I’ve spent a bit of time banging on about why it’s important agencies don’t pitch for free and why creative work should be paid for.
It’s just chance that a few blog posts, podcasts and tweets collided at the same time, rather than a concerted effort to stir this particular pot.
Nonetheless, it’s an incredibly important discussion to have. But as my close friend Darryl Sparey will say, without ‘Hard Numbers’ it’s hot air.
So here’s Don’t Cry Wolf’s first set of figures highlighting where we’ve stayed true to ourselves and where we’ve had a wobble. I have not put specific counts in there as I am not sure I should reveal the actual number of leads we’ve had into our business.

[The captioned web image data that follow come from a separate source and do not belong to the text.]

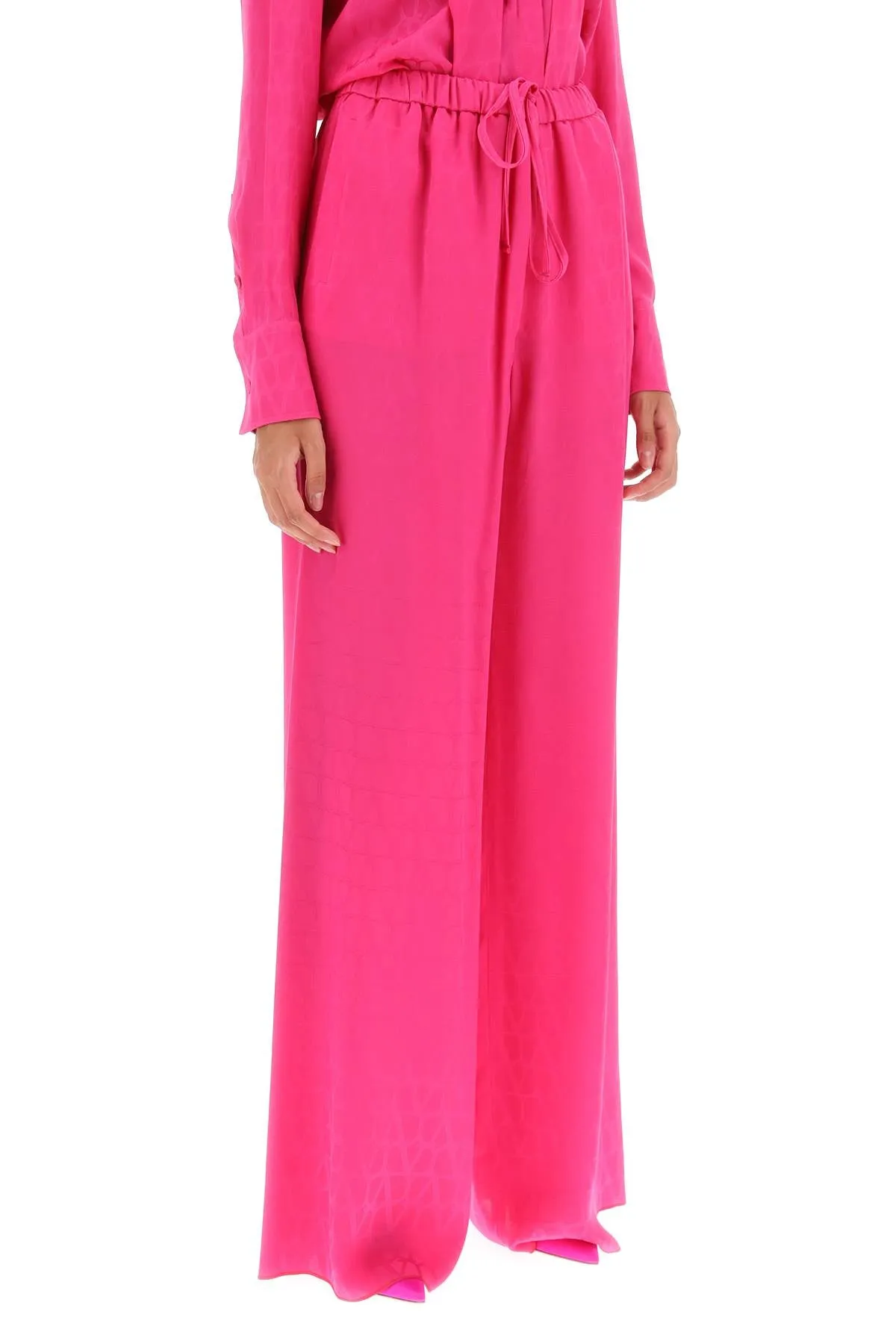 Valentino garavani toile iconographe palazzo pants in silk jacquard 3B3RB4557TK PINK PP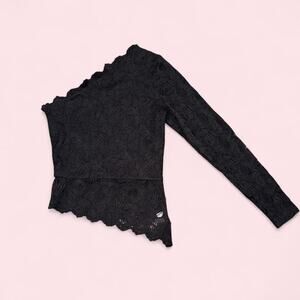 Express Black Lace Asymmetrical One Shoulder Top Y2K Witchy Fairy Whimsigoth S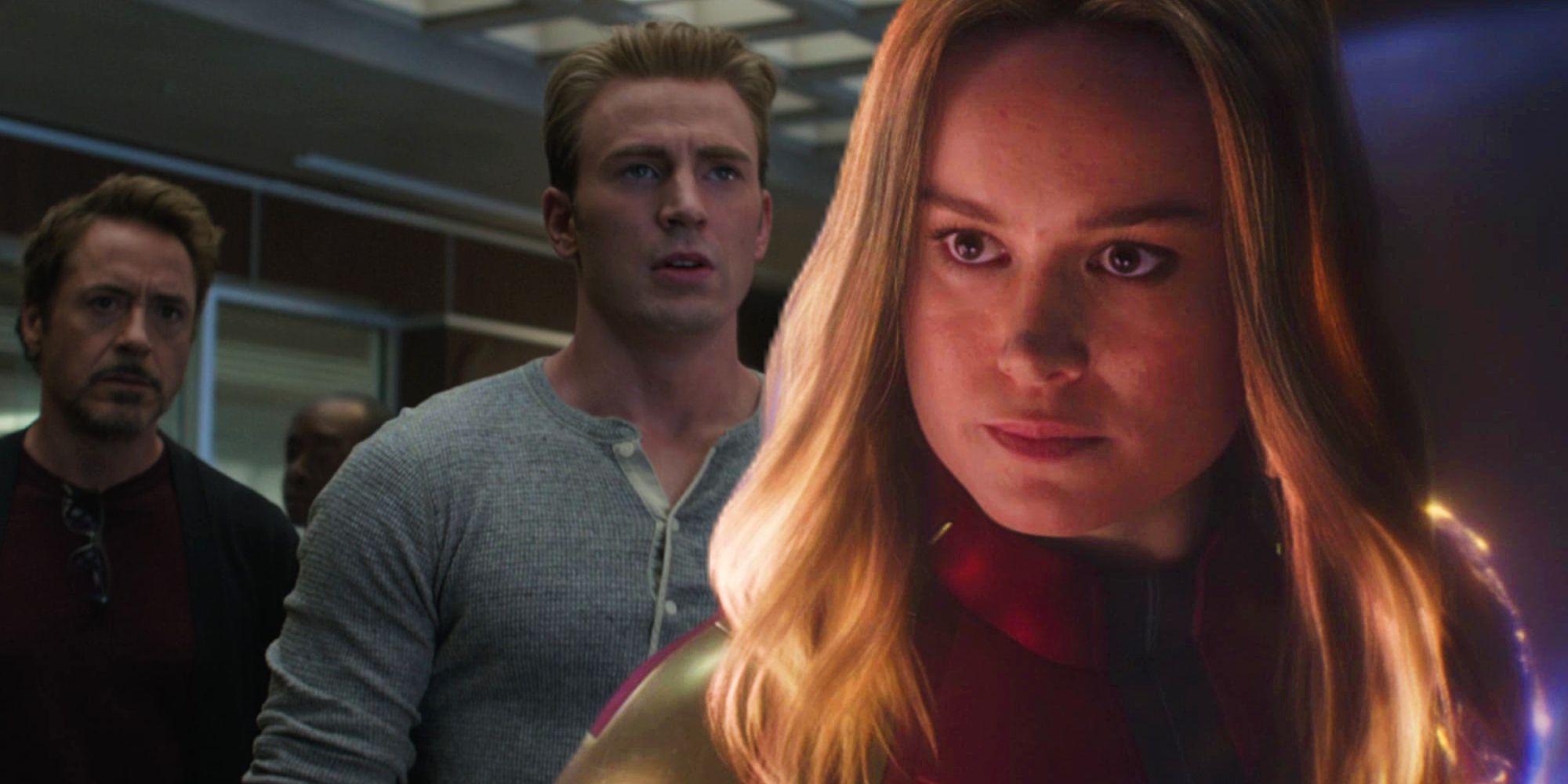 Tony Stark, Steve Rogers, and Carol Danvers Captain Marvel in Avengers Endgame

This data is taken from January 2019 to the present day.
Happy to discuss this further and very keen to understand what data is missing to make this relevant. But, before the scrutiny, I ask for the commitment. So, if you want to see more stats from Don’t Cry Wolf, and you’re an agency, I expect skin in the game. Which means publishing the below information yourself first.

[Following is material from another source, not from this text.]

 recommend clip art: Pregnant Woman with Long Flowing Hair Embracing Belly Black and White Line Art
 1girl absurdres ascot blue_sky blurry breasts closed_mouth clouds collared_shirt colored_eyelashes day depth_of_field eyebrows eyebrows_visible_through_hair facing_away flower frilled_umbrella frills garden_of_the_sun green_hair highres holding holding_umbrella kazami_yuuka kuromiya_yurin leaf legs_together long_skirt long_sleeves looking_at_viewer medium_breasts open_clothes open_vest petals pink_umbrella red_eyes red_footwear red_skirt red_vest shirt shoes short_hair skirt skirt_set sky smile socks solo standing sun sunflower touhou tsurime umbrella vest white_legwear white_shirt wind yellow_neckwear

- From all our incoming leads we’ve agreed on budgets upfront, with 71% of them
- Of the remaining leads without upfront budgets agreed, we declined to pitch for 94%
So 6% of incoming leads where the budget wasn’t agreed on upfront, we’ve still gone ahead and pitched, and not been true to ourselves.

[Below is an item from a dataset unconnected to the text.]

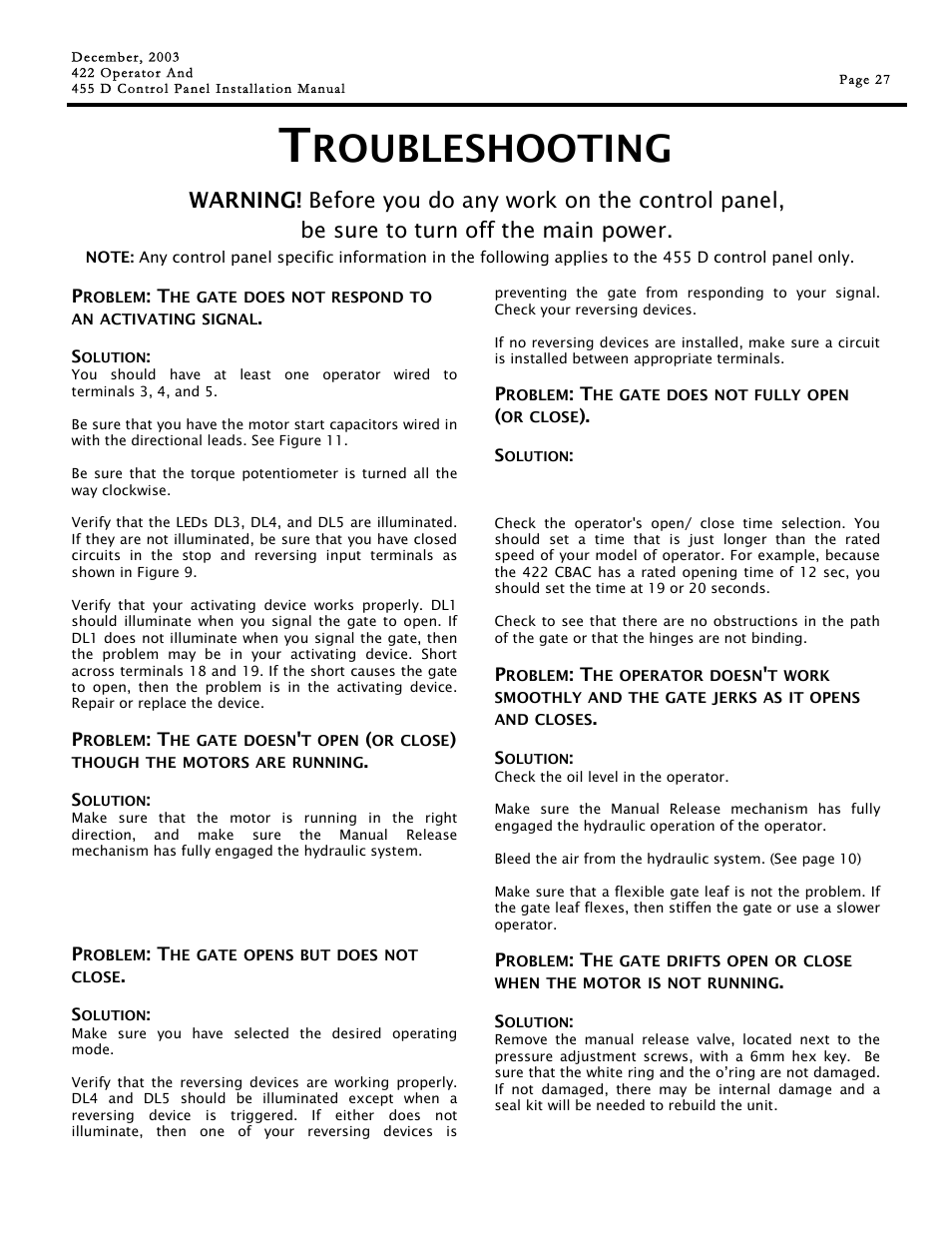 Roubleshooting | Controlled Products Systems Group 1042001 User Manual | Page 27 / 28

- From all our incoming leads creative has been paid for just 13% of the time as part of the pitch process
- Of the remaining leads where budget for creative was not assigned as part of the pitch process, we did not submit creative ideas for 86% of them
So 14% of incoming leads where budget for creative was not available, we’ve still gone ahead and pitched, and not been true to ourselves.